# Air cannon questions



## drdoom (Nov 11, 2010)

Hi ghouls,
I do a garage haunt every year now for the last 6. Never used anything pneumatic before but I am thinking of using an air cannon. Not going to try to build one. I do enough building. So my questions are:
1) Are these safe for a small venue where guests will be at very close range
2) Most sites sell the cannons but not the compressors. Where do you get those and what exactly do you need to connect to them. Also I would be concerned about O2 sitting in the garage. Do CO2 or N2 work just as well?
3) Safest cannons out there? Any recommendations?
Thanks!


----------



## Shier Terror (Jul 17, 2009)

I have been doing a garage haunt for several years as well. It started out as a static display and has become a full blown walkthrough. I started using pneumatics a couple of years ago and I am addicted. I have two compressors that I put in the back yard and run hoses to the front since the compressor motor is a bit loud. You can get a compressor from any hardware store. I recommend an oil lubricated compressor because they aren't quite as loud. They also sell all the fittings you will need. As to where to purchase the air cannons, I am afraid I can't help there as I build all my own props.


----------



## ScreamReaper (Feb 21, 2010)

To find a How-To on Air Cannons, go to www.HauntProject.com. PLEASE, do not use sprinkler fittings though! Looks good on paper, but we blew one in practice, and almost hurt someone. Look at HauntCast's YouTube page for a good how-to.


----------



## ScreamReaper (Feb 21, 2010)

You should really check out www.hauntcast.net


----------



## Gory Corey (Nov 17, 2006)

drdoom said:


> Hi ghouls,
> I do a garage haunt every year now for the last 6. Never used anything pneumatic before but I am thinking of using an air cannon. Not going to try to build one. I do enough building. So my questions are:
> 1) Are these safe for a small venue where guests will be at very close range


Depends on the type of cannon and how you use it.
Dump cannons unload a lot of air fast and usually whoosh for sound
Boom Cannons are less air out (small integrated tank due to design) but quite loud.
As long as you take care not to blast people in the face (eyes or ears) you should just scare folks with either.
Boom cannons are really loud in confined spaces
Tank cannons can blow the hall panels or curtain around if not securely fastened.



drdoom said:


> 2) Most sites sell the cannons but not the compressors. Where do you get those and what exactly do you need to connect to them.

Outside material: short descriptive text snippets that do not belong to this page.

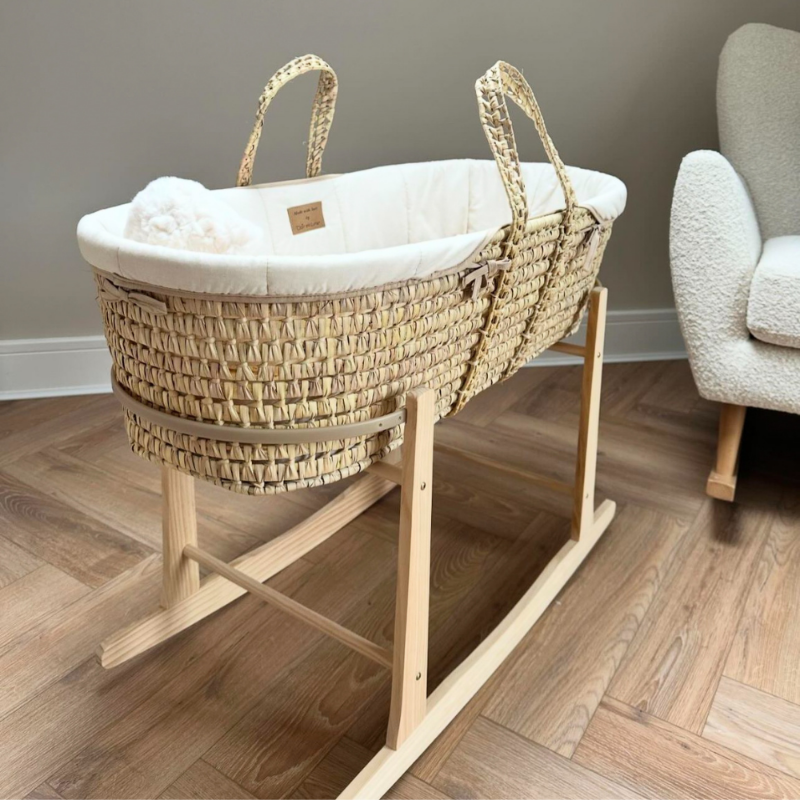 Cream Organic Palm Moses Basket on herringbone Oak floor next to the Rocking Boucle nursing chair in the nursery | Moses Baby Baskets, Bassinets | Nursery Furniture - Clair de Lune UK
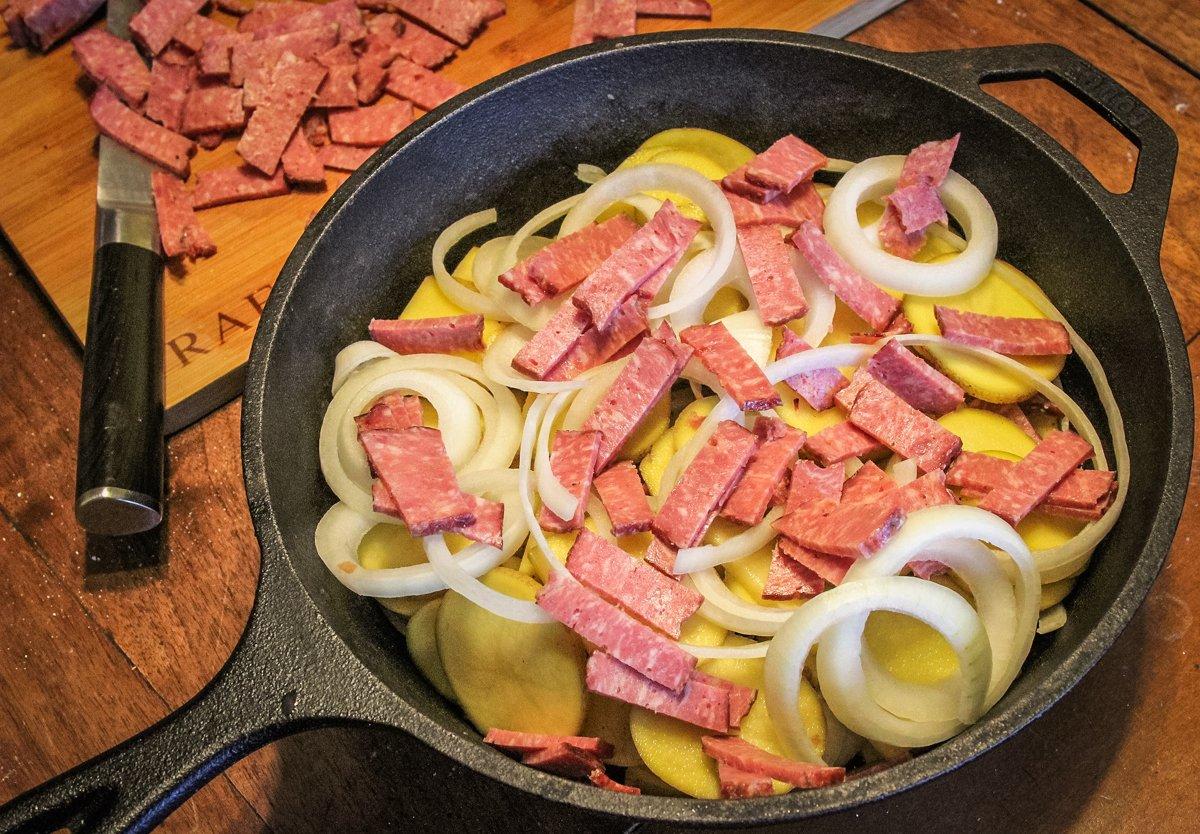 Layer potatoes, onions, and bacon in a deep Lodge skillet or Dutch oven.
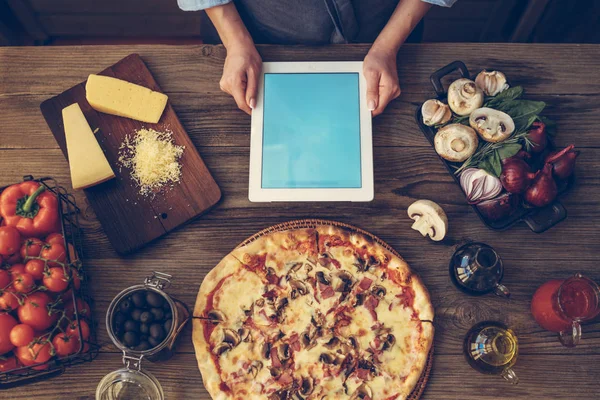 The young woman looking recipe in a tablet computer in kitchen. Healthy food. Healthy lifestyle. Cooking at home. Cooking according to recipe on tablet screen. Technology concept. Toned image.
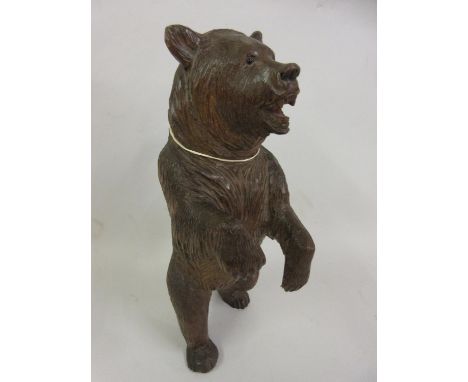 19th Century Black Forest carved wooden bear decanter holder with glass eyes, 12ins tall 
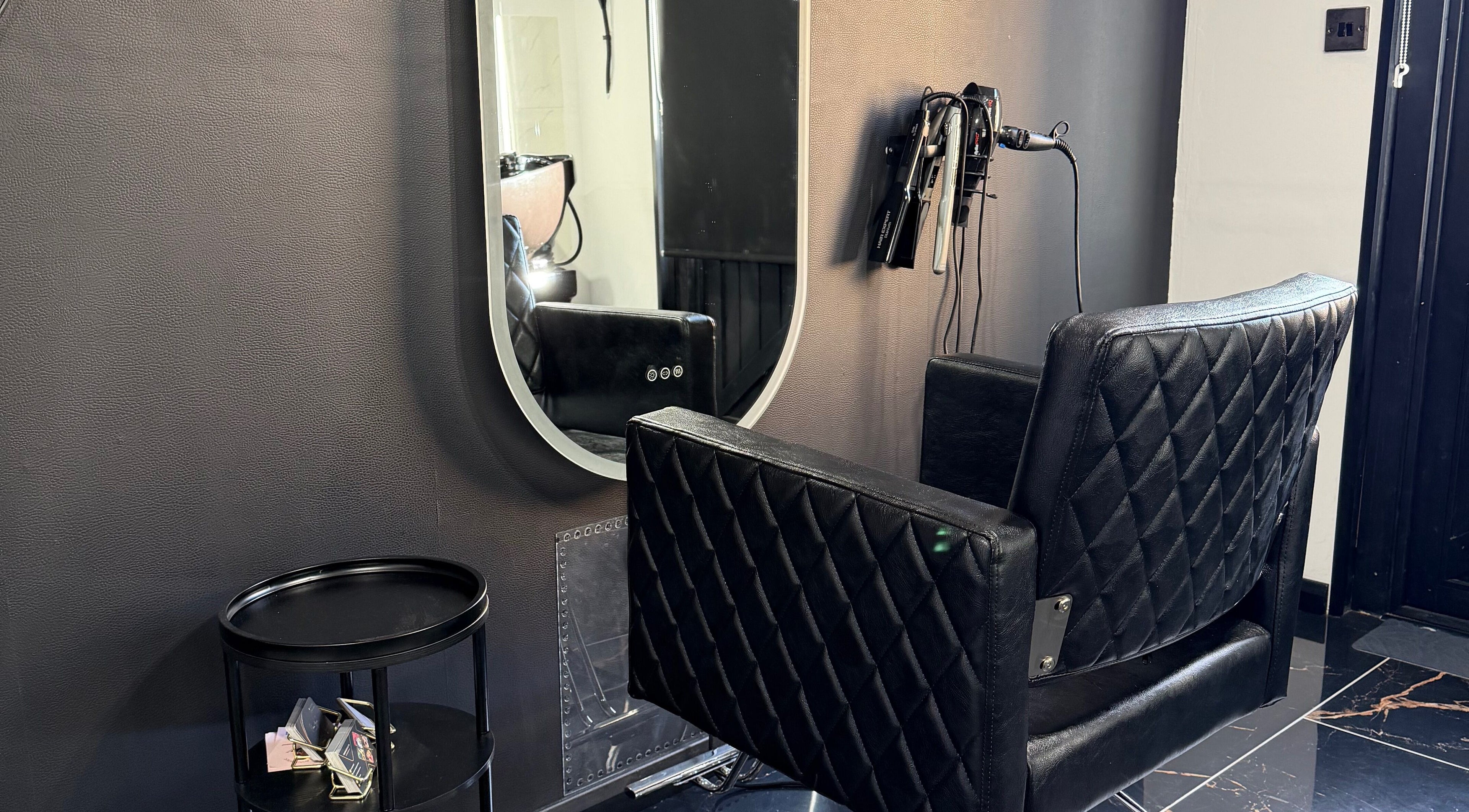Elegant salon chair and mirror at Elena Manea - Beauty Room, Leadenhall, England, GB.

Air compressors are commonly had at hardware stores or Harbor freight, Northern tools, TSC, and Mernards.

Shipping on compressors is pretty hefty considering the weight.
That makes it prohibitive to the price and the resultant sticker shock.

It depends on the vendor which fittings you ultimately need, but typically industrial 1/4" air couplings and rubber hose are used, that are commonly at the hardware stores (and other mentioned earlier)
Some vendors use 1/4" or 3/8" push fittings and thin wall tubing, which will require adapters from the compressor 1/4" industrial output connection.



drdoom said:


> Also I would be concerned about O2 sitting in the garage.

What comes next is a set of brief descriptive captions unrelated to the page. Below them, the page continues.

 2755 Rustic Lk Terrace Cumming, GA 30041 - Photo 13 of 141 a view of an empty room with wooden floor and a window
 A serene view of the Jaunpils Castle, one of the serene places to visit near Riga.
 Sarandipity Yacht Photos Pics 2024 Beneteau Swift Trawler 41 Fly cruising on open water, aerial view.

Huh? Where is Ozone coming from?



drdoom said:


> Do CO2 or N2 work just as well?


Carbon Dioxide will be consumed fast, and Nitrogen faster, not really economical routes.
You need to adapt regulators to work with the cannons inputs.
Plus, if the garage is closed you could theoretically displace oxygen, potentially suffocating your guests or actors



drdoom said:


> 3) Safest cannons out there? Any recommendations?
> Thanks!


For high pressure dump cannons, DC Props, FrightProps and Evilusions comes to mind for quality construction in high pressure models (they make 100+ PSI cannons)
For low pressure (30 PSI, battery operated) boomer cannons, Minions Web.
Most vendors have a number of trigger options.


----------



## tot13 (Jul 25, 2007)

Gory Corey said:


> Depends on the type of cannon and how you use it.
> Dump cannons . . .
> 
> For low pressure (30 PSI, battery operated) boomer cannons, Minions Web.
> Most vendors have a number of trigger options.


See Corey, an air cannon always seems like such a great idea, but this is an example of why I never seem to get around to making one - it makes me feel like Beavis, "hrmmpfh, too many words . . . that I don't understand, hrmmpfh."

Seriously, thanks for taking the time to write out these explanations as they're not only helpful, but may help keep someone from getting injured.


----------



## Cole&Jacksdad (Jan 20, 2011)

I built one last year. It cost about $100 and easy to build. It worked like a charm in my garage haunt. You do have to secure them to something. I secured mine to a wall pannel. I put it about 3 feet from the end of the haunt so the TOT thought they were done and BOOM! They got one last scare. My air compressor I kept out side of the garage because of the noise.


----------